Les plus optimistes diront que l’équilibre finit toujours par trouver sa route mais il ne faut pas que ces aspirations dissimulent les faits, car l’optimisme à ce titre devient aussi une fuite. L’équilibre ne peut pas trouver sa voie si nous sommes incapables d’accepter ce qui est maintenant et si nous sommes envahis par un sentiment d’impuissance en pointant les autres comme responsables. S’il est vrai que l’Histoire fait foi de notre prédisposition à se relever de multiples grandes tragédies, nous sommes aussi responsables des plus meurtrières.  Mais encore, nous ne sommes plus là où nous étions, même juste cinquante ans en arrière. Si aujourd’hui le terrorisme apparait comme une réelle menace à notre paix sociale, c’est que nous oublions que nous devenons progressivement, collectivement, un danger pour nous-mêmes et pour les autres juste en étant ce que nous sommes.

D’ailleurs, le fait que l’humain a toujours été confronté à sa capacité d’autodestruction, l’extrémisme demeure la manifestation du besoin excessif de reconnaissance et du besoin d’emprise, de pouvoir. Les groupuscules se rallient et se font justice. Leur quête de sens même si elle ne correspond pas à ce « bon sens bienveillant » en est une malgré tout. A la différence avec la préhistoire, c’est aujourd’hui notre savoir, l’accessibilité à une bibliothèque mondiale garnie de fausses vérités, de mensonges, de faits et de faux, un genre de fourre-tout planétaire où les plus machiavéliques ou les plus belles histoires sont à la même proximité.  L’état d’esprit dans lequel nous sommes, le niveau de saturation que nous témoignons ne fait qu’ajouter à l’importance du risque réel. Si cette accessibilité se fait sans la conscience d’être, alors nous avons tous, à notre niveau, un bouton rouge de la bombe nucléaire entre nos mains.

"Ce cerveau qu'on présente comme l'organe le plus complexe de l'univers et dont on chante les louanges à coups d'émissions de télévision et au fil de rayons entiers de librairie, est en réalité un organe au comportement largement défectueux, porté à la destruction et à la domination, ne poursuivant que son intérêt propre et incapable de voir au-delà de quelques décénnies". Sébastien Bohler , Le bug humain, Ed.
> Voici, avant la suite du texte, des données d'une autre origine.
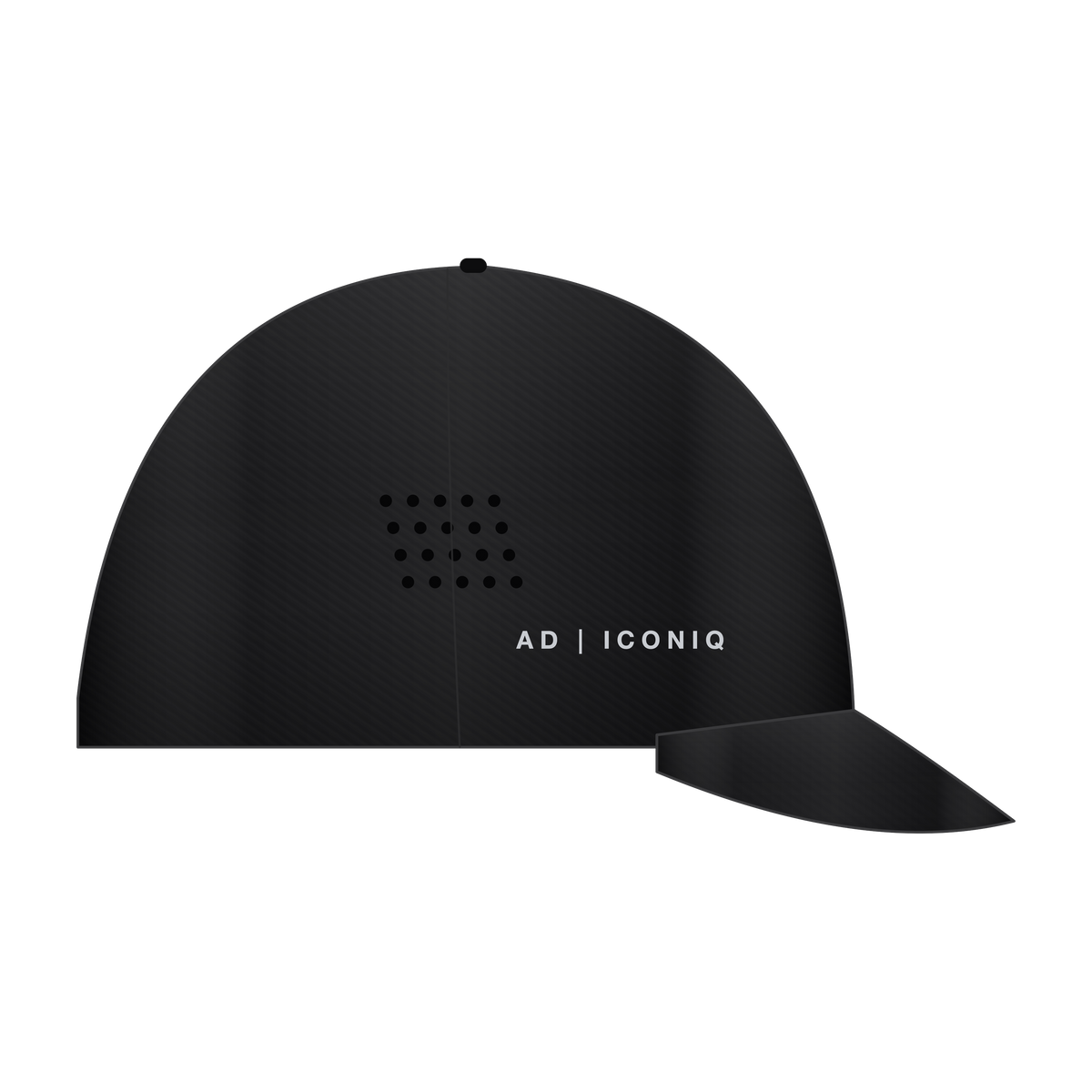 AD | ICONIQ MONOLITH-01 Technical Lightweight Cap — Void Black — right, pre-production visual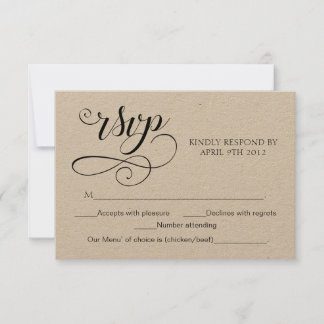 Rustikale Typografie UAWG Script Response Card wir RSVP Karte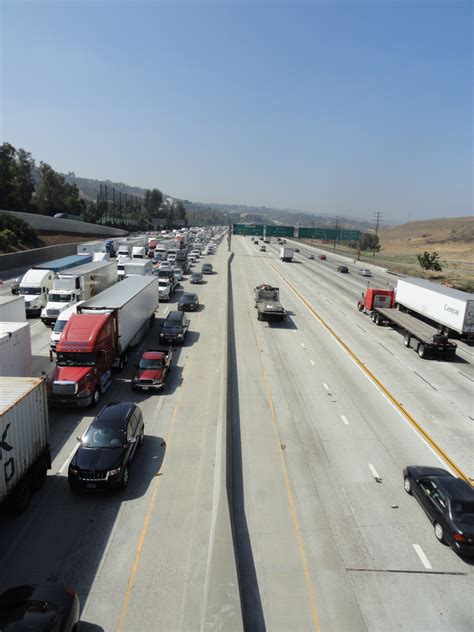 Crash On 60 Freeway Caused When Big Rig Strikes Caltrans Truck Diamond Bar Ca Patch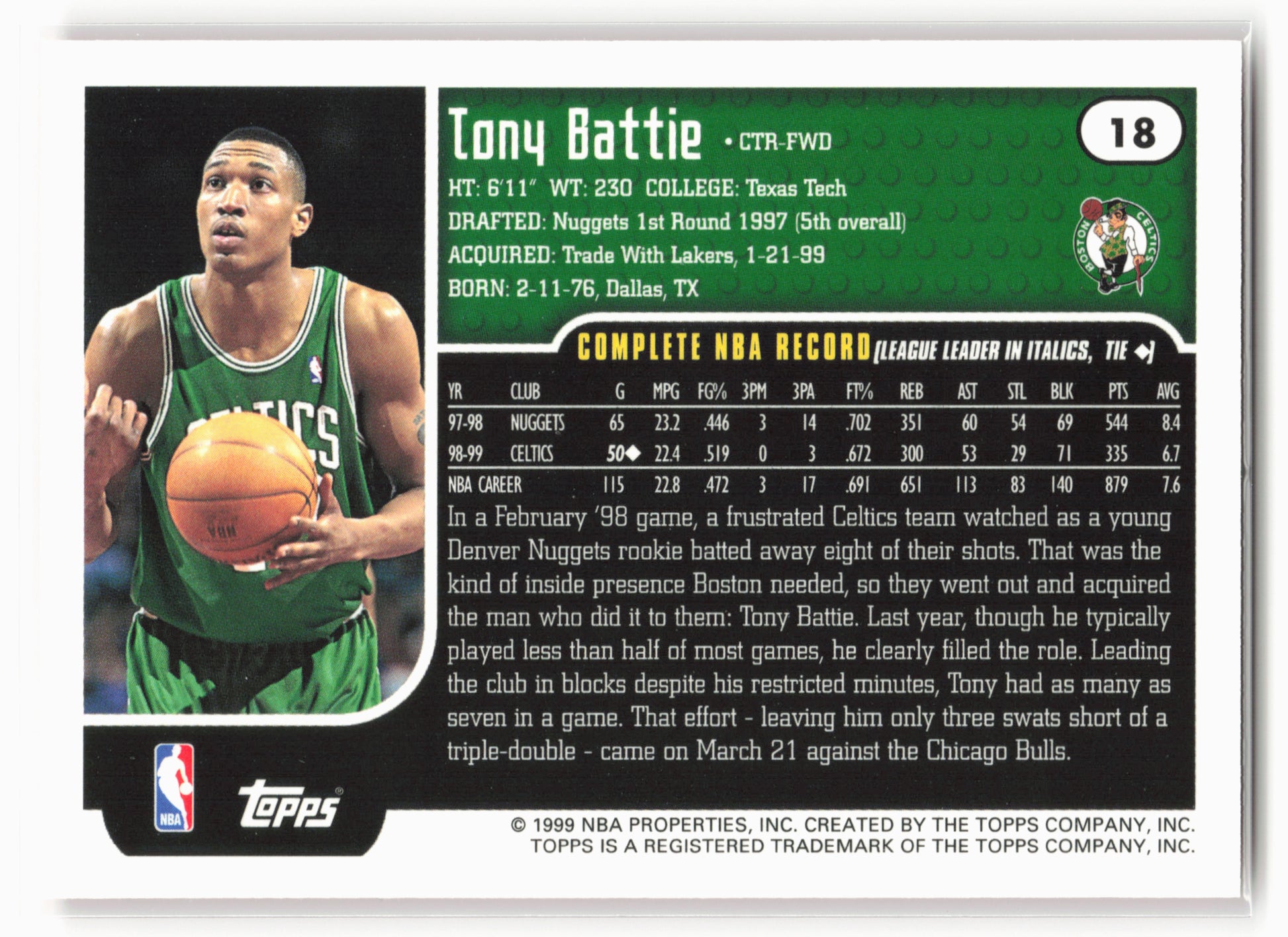 1999-00 Topps #18 Tony Battie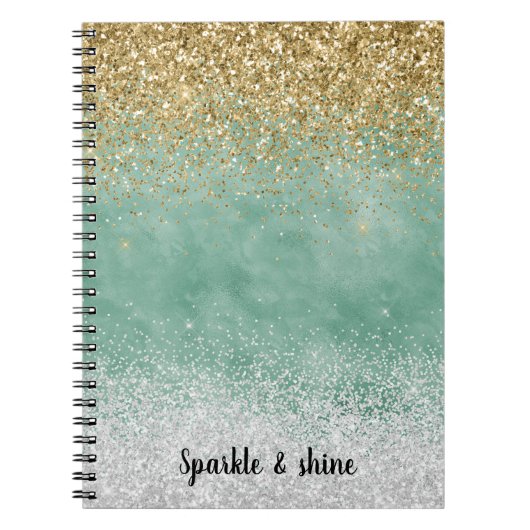 Mint Witte Glam Gouden Schittering Glitters Notitieboek (Voorkant)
Robert Laffont.

En lisant son livre, j'ai eu l'impression de trouver un ami, sans doute pour avoir fait cavalier seul dans mon pessimisme assumé depuis vingt ans. Sébastien Bohler un neuroscientifique prestigieux démontre avec finesse et un vocabulaire accessible pourquoi notre destinée ne peut que se retourner contre nous-mêmes. Il raconte et analyse nos comportements en lien avec la gestion des défis climatiques et il tire des conclusions percutantes mais qui me confortent dans mes propres constats, même s'ils sont affligeants. Mais il faut surtout accepter que notre capacité à haïr, notre désir de dominance et de perpétuelle autojustification et le besoin d'avoir raison joue tout à l'encontre de notre nécessité d'humilité.